In 1895 Mrs. Verrall 3 tested pure clairvoyance on playing-cards, in conjunction with tests of hyperaesthesia and its possible functioning in parapsychic tests. She found that, under her conditions (which deliberately permitted it), hyperaesthesia of sight and touch could function to a degree, but that there was something more, presumably clairvoyance.
Tischner reviews Kotik's work on the clairvoyance of his subject Lydia, carried out in Russia in 1908: Tischner's review is inadequate for a judgment of the original work; but he states his conviction that some of
the experiments "are beyond criticism". Tischner's own clairvoyance tests are not, as they are reported, explainable by any known alternative hypothesis. One has only the alternative of doubting the honesty or intellectual balance of the experimenter, and he quotes several witnesses in support. He used numbers of three or more digits, or words, written on slips of paper and folded up. He and the several witnesses testify to the exclusion of all trickery and, since the 78 trials gave 40 successes, the chance theory certainly does not apply. Tischner was on guard especially against "pellet switching", since the sensitive claimed to have done this earlier in his career under different circumstances. Tischner's "psychoscopic" observations ("psychometry") are likewise impressive, as described. Twenty-six witnessed experiments gave 61.5% positive results.
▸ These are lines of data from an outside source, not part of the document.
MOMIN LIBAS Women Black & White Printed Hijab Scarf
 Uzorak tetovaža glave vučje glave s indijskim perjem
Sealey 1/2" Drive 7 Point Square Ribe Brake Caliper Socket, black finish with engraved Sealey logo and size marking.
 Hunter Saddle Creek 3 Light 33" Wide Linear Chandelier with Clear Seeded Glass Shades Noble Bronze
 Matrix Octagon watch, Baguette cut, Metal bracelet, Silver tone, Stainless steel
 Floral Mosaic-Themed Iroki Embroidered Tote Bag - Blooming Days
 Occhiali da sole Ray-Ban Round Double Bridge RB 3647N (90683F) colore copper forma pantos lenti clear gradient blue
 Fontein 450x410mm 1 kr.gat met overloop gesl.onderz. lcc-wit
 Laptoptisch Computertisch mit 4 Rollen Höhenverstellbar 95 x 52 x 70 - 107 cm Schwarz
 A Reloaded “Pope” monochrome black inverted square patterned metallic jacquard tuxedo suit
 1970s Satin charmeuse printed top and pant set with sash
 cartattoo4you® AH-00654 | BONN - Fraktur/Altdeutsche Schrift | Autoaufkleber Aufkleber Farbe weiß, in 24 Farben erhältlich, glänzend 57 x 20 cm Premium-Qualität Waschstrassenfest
Miss Jephson published in 1928, the results of 6,000 tests for clairvoyant perception of suits of playing-cards, made on 240 people, yielding results that average somewhat above mean chance expectation and, with the number of trials given, pass well beyond the minimum for significance. She obtained 1832 hits on suits or 332 above chance expectation, which would be approximately 14 times the probable error. Her results in pure clairvoyance compare roughly with those of Estabrooks on "telepathy"—i.e., with both telepathy and clairvoyance possible. I quote the following figures of comparison from Miss Jephson's article:
Total color right
Total suit right
Early guesses, color right
Early guesses, suit right
[paragraph continues] It would be very doubtful then if Estabrooks or, perhaps, if any one had actually demonstrated pure telepathy, in view of these results. For, if clairvoyance is possible, it must safely be excluded before telepathy can be inferred as the operative principle. I feel particularly indebted to Miss Jephson's work in that it helped to stimulate my own interest in clairvoyance. A second report in 1931, in conjunction with Messrs. Soal and Besterman, 1 does not confirm the earlier work and its "fatigue-curve" hypothesis. (This last point is discussed later in this report.)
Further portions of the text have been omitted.